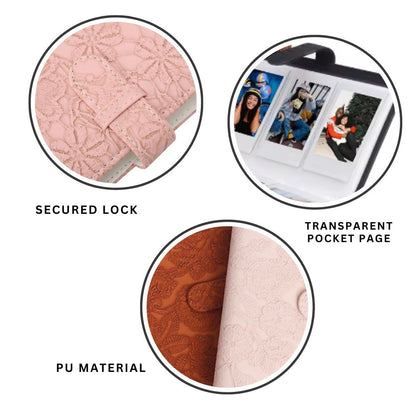 [CLEARANCE] Pikxi AM96-01 96 Pockets Elegant Carved Lace Style Photo Album with Slip On Latch for Fujifilm Instax Mini Instant Camera - Light Pink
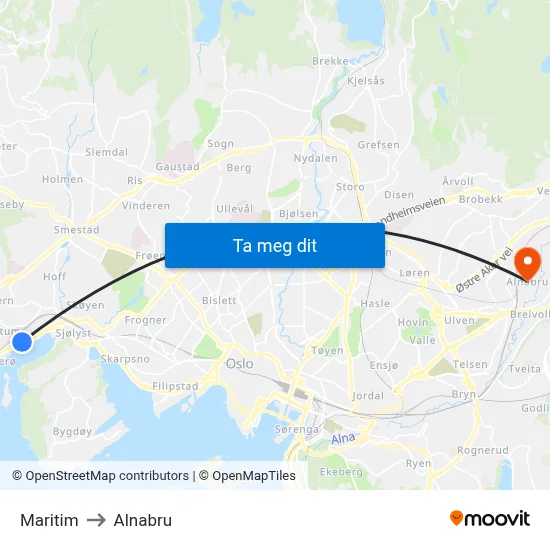 Maritim to Alnabru map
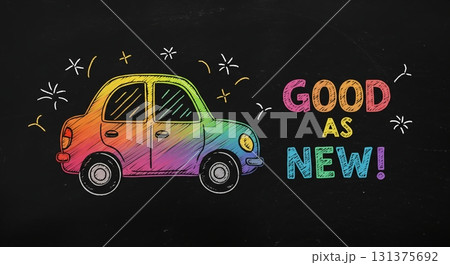 虹色の車と「GOOD AS NEW!」。修理完了を伝える明るいチョークアート 131375692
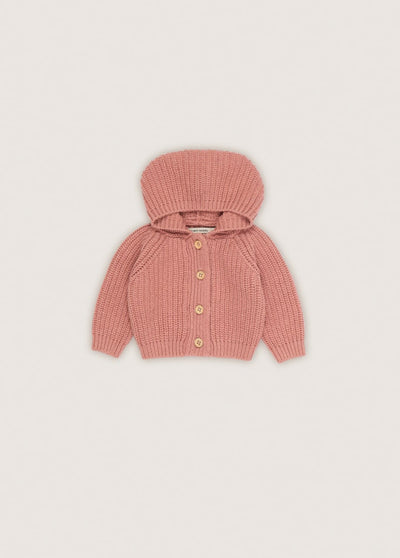 Baby Hoodie Rib - Rose Dust - 6m - Sweater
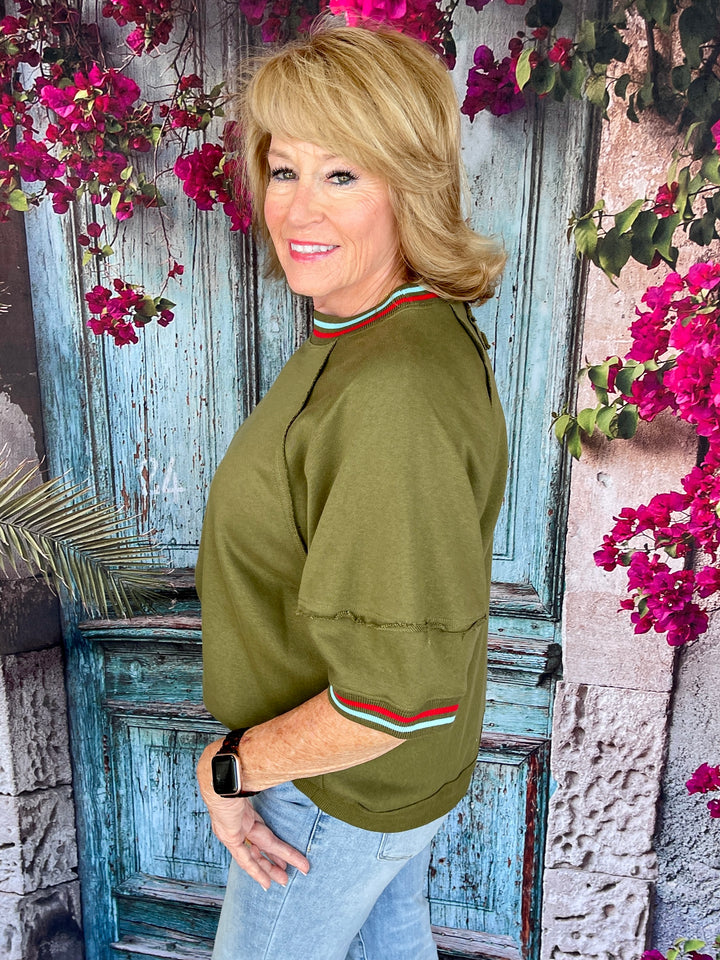 Comfy All The Way Top- Olive
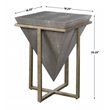 Uttermost Bertrand Iron MDF Wood and Faux Shagreen Accent Table in Gray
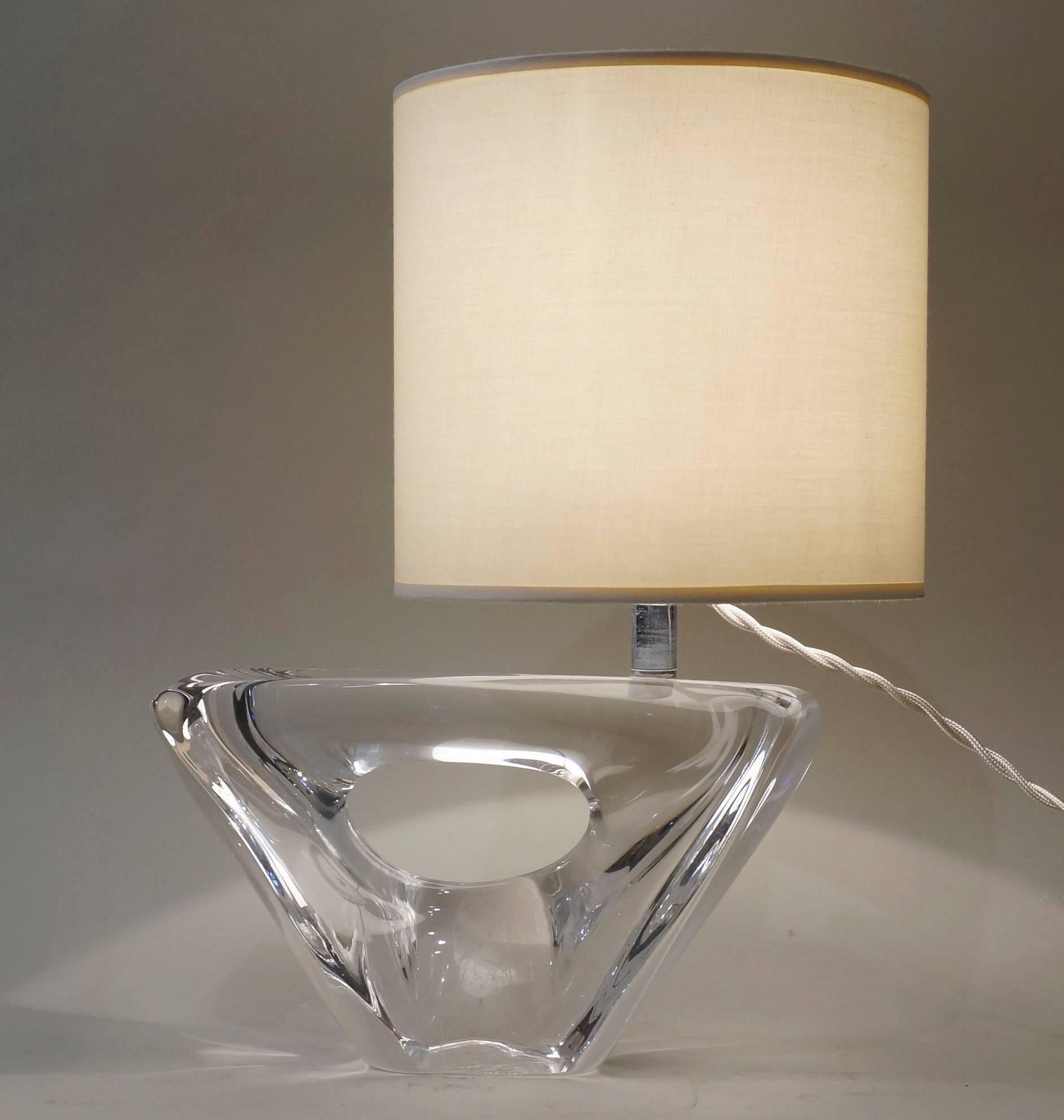 French Daum Crystal Table Lamp For Sale
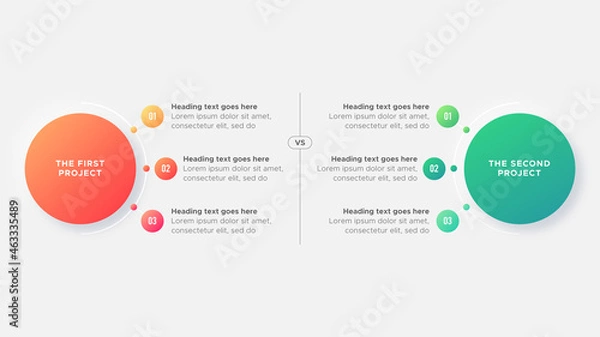 Fototapeta Process Workflow Features Options Comparison Chart Diagram Circles Infographic Design Template 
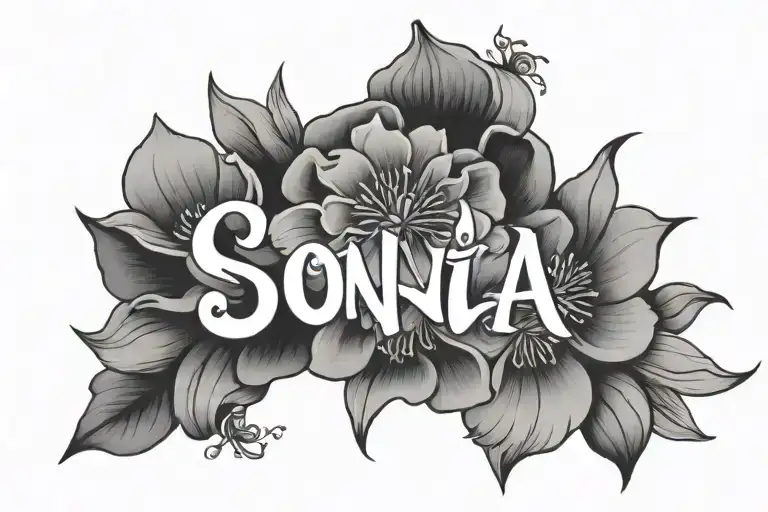 "Sonia" name tattoo flowers   tattoo design idea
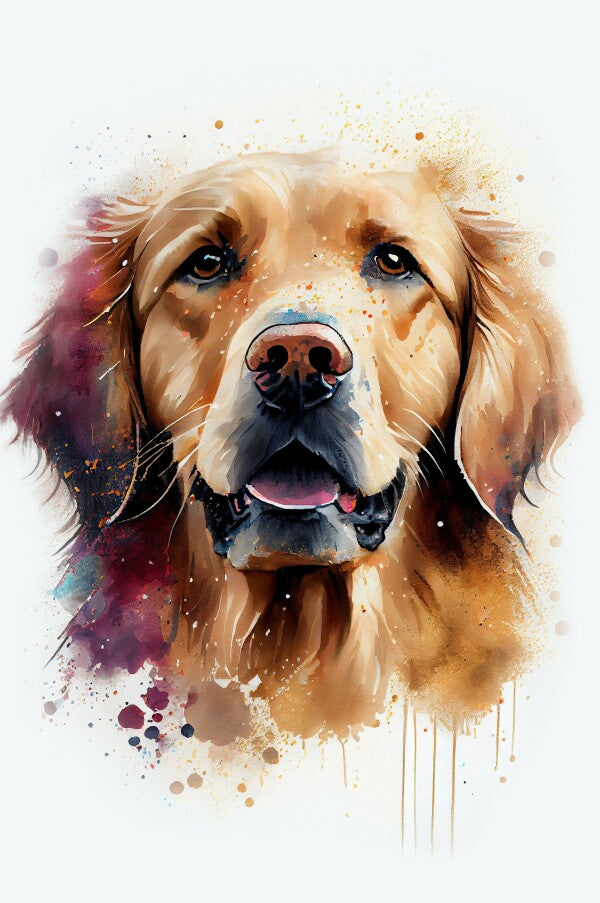 Golden Retriever Jack - Hunde Wandbild - Poster mit 275 g/m2 seidenmatt ohne Rahmen - Dogs Art Hundebild WaterColors / Aquarell im Hochformat - Hundeportrait-Kunstdruck in Museumsqualität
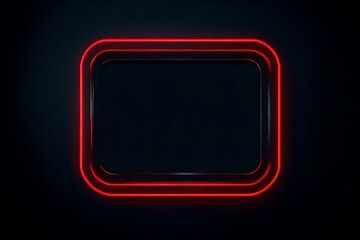 frame icon in neon style. Simple thin line, outline vector on dark background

+ + + + +

EXERCISE OBJECTIVE >>
Since the copy must contain no pictures, return only the text of the records, exactly as it stands.

SOLVED EXERCISE >>
 [CLEARANCE] Pikxi AM96-01 96 Pockets Elegant Carved Lace Style Photo Album with Slip On Latch for Fujifilm Instax Mini Instant Camera - Light Pink
 Maritim to Alnabru map
 虹色の車と「GOOD AS NEW!」。修理完了を伝える明るいチョークアート 131375692
 Baby Hoodie Rib - Rose Dust - 6m - Sweater
 Comfy All The Way Top- Olive
 Uttermost Bertrand Iron MDF Wood and Faux Shagreen Accent Table in Gray
 French Daum Crystal Table Lamp For Sale
 Fototapeta Process Workflow Features Options Comparison Chart Diagram Circles Infographic Design Template 
 "Sonia" name tattoo flowers   tattoo design idea
 Golden Retriever Jack - Hunde Wandbild - Poster mit 275 g/m2 seidenmatt ohne Rahmen - Dogs Art Hundebild WaterColors / Aquarell im Hochformat - Hundeportrait-Kunstdruck in Museumsqualität
 frame icon in neon style. Simple thin line, outline vector on dark background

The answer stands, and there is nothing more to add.